Abstract

Childhood acute lymphoblastic leukaemia is thought in many cases to initiate in utero. The factors that influence the formation of the initiating lesions are not well understood although the nature of these genetic aberrations is well documented and include in approximately a quarter of children the presence of the t12;21 chromosomal translocation that fuses the transcription factors Tel (ETV6) and Aml1 (RUNX1). The Tel-Aml1 fusion gene produces a pre-leukaemic clone but in and of itself is insufficient to produce frank leukaemic transformation. For this, additional mutations are required and it remains unclear what factors influence their acquisition. These additional mutations tend to arise in loci that are normally involved in cell fate control in the B lineage. Cell fate regulators act in a context dependent manner and thus understanding the nature of the target cell or cells in which the initiating and subsequent mutations arise is of importance.

To gain insight with these issues we have been exploring the target genes of TEL -AML1 and associated second hits as well as developing new foetal specific models in which to examine the biological impact of TEL -AML1.

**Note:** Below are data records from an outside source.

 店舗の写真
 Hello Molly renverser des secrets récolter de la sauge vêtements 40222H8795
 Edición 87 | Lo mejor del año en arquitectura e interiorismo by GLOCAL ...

Leukaemic clones appear to evolve in a branching manner such that at presentation the marrow is replete with multiple variegated subtypes proving a diverse substrate for selection in response to therapy. Beyond genetic heterogeneity, leukaemic cells exhibit epigenetic heterogeneity in respect of their immunophenotypes and functional properties including cell cycle status and niche residence.

Overall, our studies suggest that clonal selection in leukaemia results from the combined influence of genetic and epigenetic variations.